■ **WHAT IS BEING ASKED**:
All lines containing the string "Grow" must be copied from the entries.

■ **Items from a data source**:

Start of Block

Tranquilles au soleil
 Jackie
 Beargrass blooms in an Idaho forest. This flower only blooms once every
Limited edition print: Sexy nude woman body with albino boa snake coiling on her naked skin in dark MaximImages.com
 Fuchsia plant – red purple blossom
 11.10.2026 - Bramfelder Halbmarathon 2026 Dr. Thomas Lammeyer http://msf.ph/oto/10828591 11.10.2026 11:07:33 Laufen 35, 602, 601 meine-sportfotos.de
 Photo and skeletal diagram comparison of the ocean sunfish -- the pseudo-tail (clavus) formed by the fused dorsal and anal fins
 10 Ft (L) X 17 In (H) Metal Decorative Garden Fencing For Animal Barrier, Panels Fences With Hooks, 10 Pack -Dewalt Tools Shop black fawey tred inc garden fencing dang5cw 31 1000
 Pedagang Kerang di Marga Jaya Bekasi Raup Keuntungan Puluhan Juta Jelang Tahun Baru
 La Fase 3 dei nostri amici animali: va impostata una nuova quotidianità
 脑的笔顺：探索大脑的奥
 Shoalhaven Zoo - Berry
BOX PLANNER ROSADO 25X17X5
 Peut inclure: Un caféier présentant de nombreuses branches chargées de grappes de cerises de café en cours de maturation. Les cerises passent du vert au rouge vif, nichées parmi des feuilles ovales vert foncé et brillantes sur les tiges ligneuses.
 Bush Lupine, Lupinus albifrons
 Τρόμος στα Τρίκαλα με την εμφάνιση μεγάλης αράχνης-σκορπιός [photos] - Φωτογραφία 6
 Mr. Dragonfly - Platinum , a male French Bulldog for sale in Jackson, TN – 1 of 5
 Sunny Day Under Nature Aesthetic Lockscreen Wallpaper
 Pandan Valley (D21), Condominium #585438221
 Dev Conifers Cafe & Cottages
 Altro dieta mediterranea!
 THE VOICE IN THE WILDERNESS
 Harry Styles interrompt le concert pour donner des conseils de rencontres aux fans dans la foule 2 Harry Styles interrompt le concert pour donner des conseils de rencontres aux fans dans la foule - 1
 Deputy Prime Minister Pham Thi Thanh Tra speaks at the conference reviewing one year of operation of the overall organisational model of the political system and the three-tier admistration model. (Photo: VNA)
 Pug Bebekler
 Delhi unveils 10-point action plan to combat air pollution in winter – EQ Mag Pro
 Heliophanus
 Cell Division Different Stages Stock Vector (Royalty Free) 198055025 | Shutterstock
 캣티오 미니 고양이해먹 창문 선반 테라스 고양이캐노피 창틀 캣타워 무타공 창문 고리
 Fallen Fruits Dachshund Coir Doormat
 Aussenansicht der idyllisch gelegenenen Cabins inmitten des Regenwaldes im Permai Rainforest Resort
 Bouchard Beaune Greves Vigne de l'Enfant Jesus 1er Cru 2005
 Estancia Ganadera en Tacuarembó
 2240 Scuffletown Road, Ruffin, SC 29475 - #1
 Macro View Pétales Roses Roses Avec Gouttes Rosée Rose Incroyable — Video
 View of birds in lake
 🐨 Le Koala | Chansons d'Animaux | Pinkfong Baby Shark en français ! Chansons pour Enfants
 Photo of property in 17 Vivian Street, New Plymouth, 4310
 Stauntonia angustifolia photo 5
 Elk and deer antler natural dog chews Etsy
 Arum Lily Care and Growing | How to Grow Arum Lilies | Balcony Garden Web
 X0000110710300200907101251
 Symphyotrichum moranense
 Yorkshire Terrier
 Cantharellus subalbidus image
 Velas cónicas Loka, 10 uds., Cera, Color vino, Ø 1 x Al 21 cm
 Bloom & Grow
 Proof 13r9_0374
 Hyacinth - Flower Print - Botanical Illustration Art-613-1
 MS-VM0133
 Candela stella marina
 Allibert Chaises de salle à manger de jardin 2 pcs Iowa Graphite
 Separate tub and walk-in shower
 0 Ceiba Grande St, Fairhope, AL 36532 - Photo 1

End of Block

■ **SOLUTION TO THIS PROBLEM**:
 Arum Lily Care and Growing | How to Grow Arum Lilies | Balcony Garden Web
 Bloom & Grow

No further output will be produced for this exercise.